This would mean that for each line outputted by "fswatch" there would be one "rsync" instance started, while the duration of "rsync" would be larger and larger.

48 hours is a lot of time and copying the files (~100GB) wouldn't take so long anyway (disk to disk is very fast, over gigabit network is also very fast).

Instead I would propose an execution rsync -a --delete /source /destination at regular intervals (ex. 30 minutes) during the generation process and once at the end, to be sure nothing is missed.

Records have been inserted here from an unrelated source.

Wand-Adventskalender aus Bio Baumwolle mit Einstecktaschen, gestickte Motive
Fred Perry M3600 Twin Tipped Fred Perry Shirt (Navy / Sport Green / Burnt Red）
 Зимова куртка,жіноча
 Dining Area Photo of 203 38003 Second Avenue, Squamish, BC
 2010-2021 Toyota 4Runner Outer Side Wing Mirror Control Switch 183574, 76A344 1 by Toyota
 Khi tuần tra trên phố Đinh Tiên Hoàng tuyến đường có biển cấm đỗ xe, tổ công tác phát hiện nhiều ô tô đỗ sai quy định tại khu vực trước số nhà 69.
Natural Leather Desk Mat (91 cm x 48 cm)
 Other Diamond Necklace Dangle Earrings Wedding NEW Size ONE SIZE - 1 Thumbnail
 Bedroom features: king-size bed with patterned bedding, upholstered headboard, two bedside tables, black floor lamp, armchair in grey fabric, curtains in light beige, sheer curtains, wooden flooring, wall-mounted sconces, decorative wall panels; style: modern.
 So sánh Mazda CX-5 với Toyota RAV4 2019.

A short script could contain:

#!/bin/bash
while ps -ef | grep -q "process that generates files"; do
    echo "Running rsync..."
    rsync -a --delete /source /destination
    echo "...waiting 30 minutes"
    sleep 1800 # seconds
done
echo "Running final rsync..."
rsync -a --delete /source /destination
echo "...done."

...just replace the "process that generates files" with whatever name the process that generates files looks like in the "ps -ef" output while is it running. Adjust time as you see fit, I considered that in 30 minutes ~2GB of data are created which can be copied in a couple of minutes.

The script would ensure that "rsync" doesn't run more times then it should and it would focus into copying files instead of comparing the source and destination to often.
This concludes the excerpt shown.